Place Published: [Washington, DC]
Publisher: US Senate and House of Representatives
Date Published: 1864
Edition: 1st Edition
Binding: Hard Cover
SOME 300 AFRICAN-AMERICAN SOLDIERS WERE KILLED
First edition. 5-1/2 x 8-3/4 inches. Pebbled brown cloth. Gilt lettered. Some fading and worn ends on spine and corners, agetoned paper on inside with a few pages foxing, otherwise, good condition. Previous owner's book mark and name pasted on inside end paper.
Two Civil War Senate Reports bound together;
1) 38th Congress, 1st Session, Report Committee No.63, Fort Pillow Massacre, 128pp; and,
2) 38th Congress, 1st Session, Report Committee No. 68, Returned Prisoners, 34pp plus 4 pages (2 images per page) of illustrations of returned prisoners.
WADE and GOOCH, the sub-committee appointed by the Joint Committee on the Conduct and Expenditures of the War, with instructions to proceed to such points as they might deem necessary for the purpose of taking testimony in regard to the massacre at Fort Pillow, submitted the report to the joint committee, together with the accompanying testimony and papers.
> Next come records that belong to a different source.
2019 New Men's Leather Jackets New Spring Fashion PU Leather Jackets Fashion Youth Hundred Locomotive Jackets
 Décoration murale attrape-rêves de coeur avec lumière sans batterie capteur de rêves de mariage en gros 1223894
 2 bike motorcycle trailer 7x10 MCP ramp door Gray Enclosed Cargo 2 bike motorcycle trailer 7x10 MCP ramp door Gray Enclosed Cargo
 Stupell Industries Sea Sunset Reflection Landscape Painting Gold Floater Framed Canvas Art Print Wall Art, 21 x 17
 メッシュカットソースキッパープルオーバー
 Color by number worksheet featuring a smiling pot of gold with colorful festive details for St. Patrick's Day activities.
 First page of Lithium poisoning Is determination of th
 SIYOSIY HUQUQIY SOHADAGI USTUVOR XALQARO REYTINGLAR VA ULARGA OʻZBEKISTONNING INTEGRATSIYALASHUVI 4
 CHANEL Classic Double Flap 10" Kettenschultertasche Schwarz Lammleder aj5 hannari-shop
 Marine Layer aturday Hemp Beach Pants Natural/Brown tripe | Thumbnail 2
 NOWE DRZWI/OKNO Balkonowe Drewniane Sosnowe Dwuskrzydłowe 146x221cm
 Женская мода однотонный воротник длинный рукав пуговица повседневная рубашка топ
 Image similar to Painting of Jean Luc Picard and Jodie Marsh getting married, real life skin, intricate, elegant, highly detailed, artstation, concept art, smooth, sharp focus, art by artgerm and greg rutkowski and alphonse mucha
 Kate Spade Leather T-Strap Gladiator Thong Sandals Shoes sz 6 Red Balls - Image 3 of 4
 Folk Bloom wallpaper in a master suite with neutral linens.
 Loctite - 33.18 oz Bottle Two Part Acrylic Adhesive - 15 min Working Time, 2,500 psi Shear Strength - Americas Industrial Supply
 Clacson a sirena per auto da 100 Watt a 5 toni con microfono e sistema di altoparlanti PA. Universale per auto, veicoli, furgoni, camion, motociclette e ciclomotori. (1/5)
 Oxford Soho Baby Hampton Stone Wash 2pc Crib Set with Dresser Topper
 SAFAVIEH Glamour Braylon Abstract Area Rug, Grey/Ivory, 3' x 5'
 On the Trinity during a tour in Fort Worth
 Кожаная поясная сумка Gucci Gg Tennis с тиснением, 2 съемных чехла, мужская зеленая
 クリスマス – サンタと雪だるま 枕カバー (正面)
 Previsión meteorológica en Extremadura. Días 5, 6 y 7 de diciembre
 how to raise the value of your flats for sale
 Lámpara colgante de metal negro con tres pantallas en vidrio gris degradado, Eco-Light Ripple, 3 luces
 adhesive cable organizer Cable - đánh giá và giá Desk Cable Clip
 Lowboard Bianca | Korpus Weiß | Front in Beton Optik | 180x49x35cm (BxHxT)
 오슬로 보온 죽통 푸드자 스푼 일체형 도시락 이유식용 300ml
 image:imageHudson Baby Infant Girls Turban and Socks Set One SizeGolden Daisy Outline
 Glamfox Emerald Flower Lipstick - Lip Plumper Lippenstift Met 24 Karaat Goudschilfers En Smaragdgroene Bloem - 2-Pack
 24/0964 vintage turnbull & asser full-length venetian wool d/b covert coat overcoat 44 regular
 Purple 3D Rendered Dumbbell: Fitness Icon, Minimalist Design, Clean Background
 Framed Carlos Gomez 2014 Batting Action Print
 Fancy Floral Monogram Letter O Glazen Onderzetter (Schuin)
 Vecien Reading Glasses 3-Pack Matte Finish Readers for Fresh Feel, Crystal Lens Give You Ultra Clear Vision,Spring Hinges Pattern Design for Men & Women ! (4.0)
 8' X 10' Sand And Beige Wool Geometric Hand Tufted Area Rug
The Fort Pillow Massacre in Tennessee on April 12, 1864, in which some 300 African-American soldiers were killed, was one of the most controversial events of the American Civil War (1861-65). Though most of the Union garrison surrendered, and thus should have been taken as prisoners of war, the soldiers were killed. The Confederate refusal to treat these troops as traditional prisoners of war infuriated the North, and led to the Union’s refusal to participate in prisoner exchanges.